╭─ Raw data

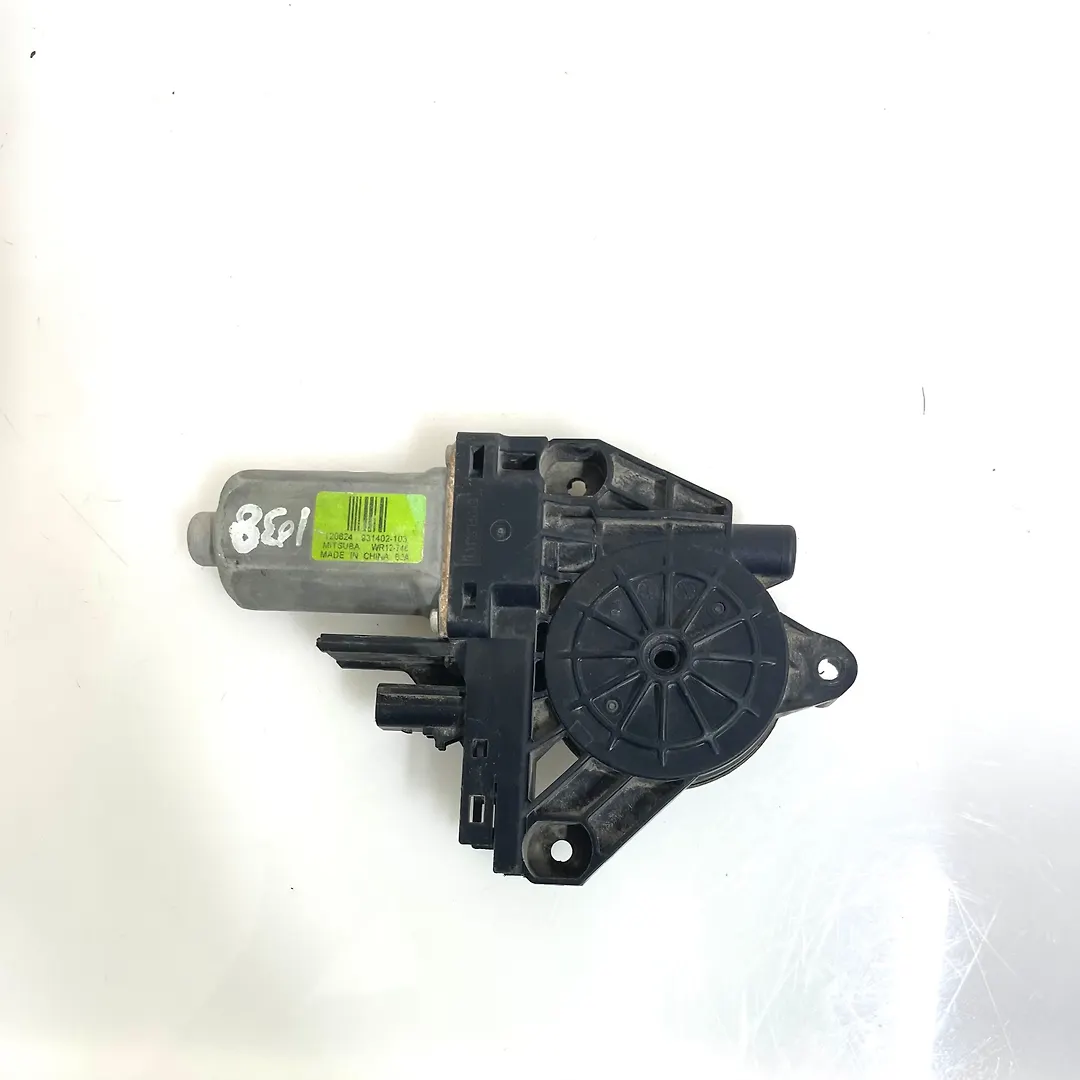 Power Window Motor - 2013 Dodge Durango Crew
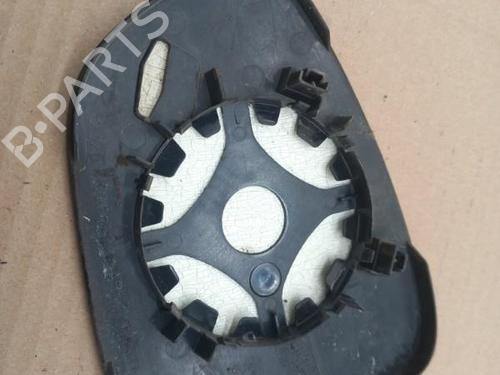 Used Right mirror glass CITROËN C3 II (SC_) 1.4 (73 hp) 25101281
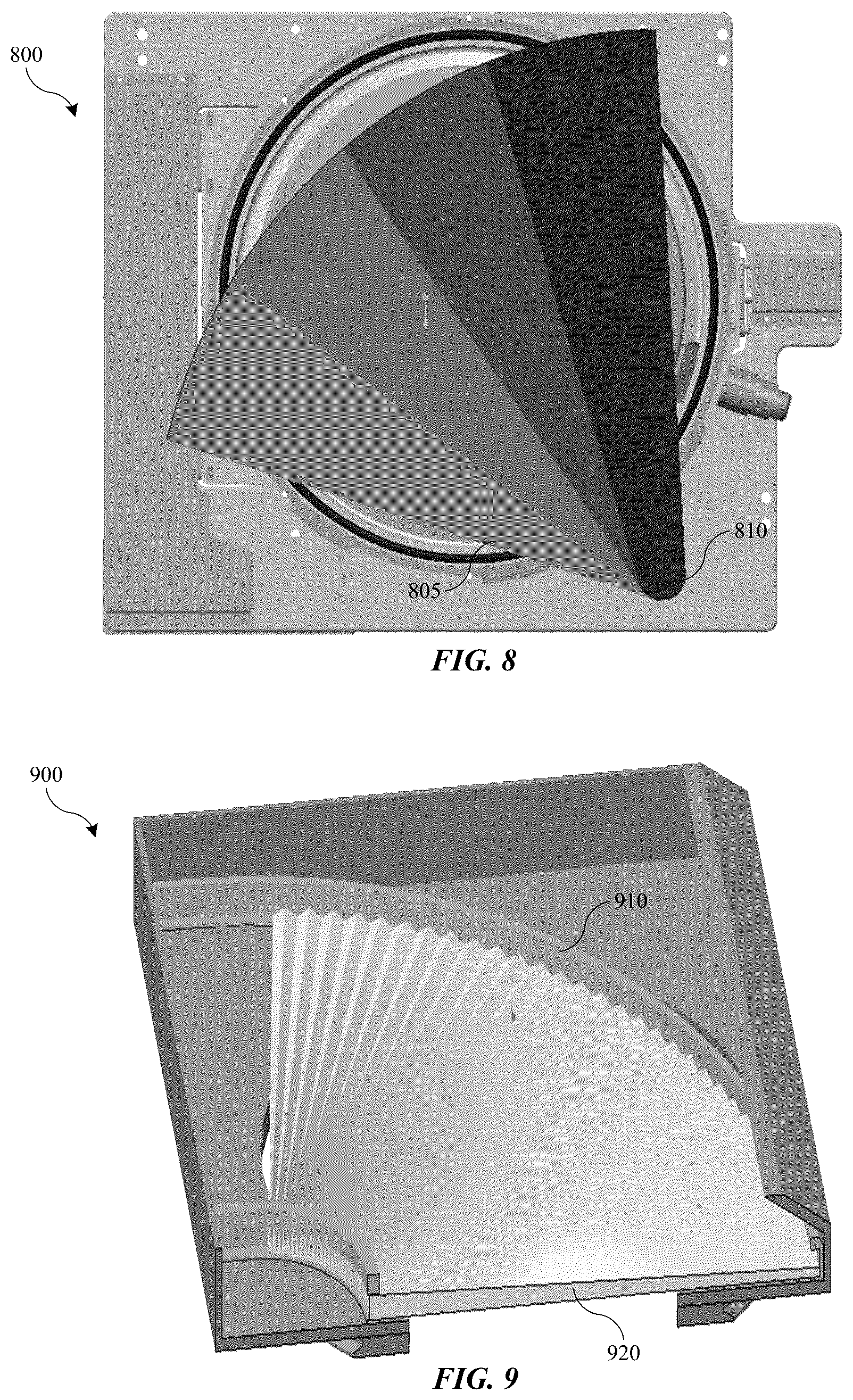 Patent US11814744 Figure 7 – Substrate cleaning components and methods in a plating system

╰─

> _Your goal_
Retype everything in the material word for word, minus pictures.

> _Answer for the task_
 Power Window Motor - 2013 Dodge Durango Crew
 Used Right mirror glass CITROËN C3 II (SC_) 1.4 (73 hp) 25101281
 Patent US11814744 Figure 7 – Substrate cleaning components and methods in a plating system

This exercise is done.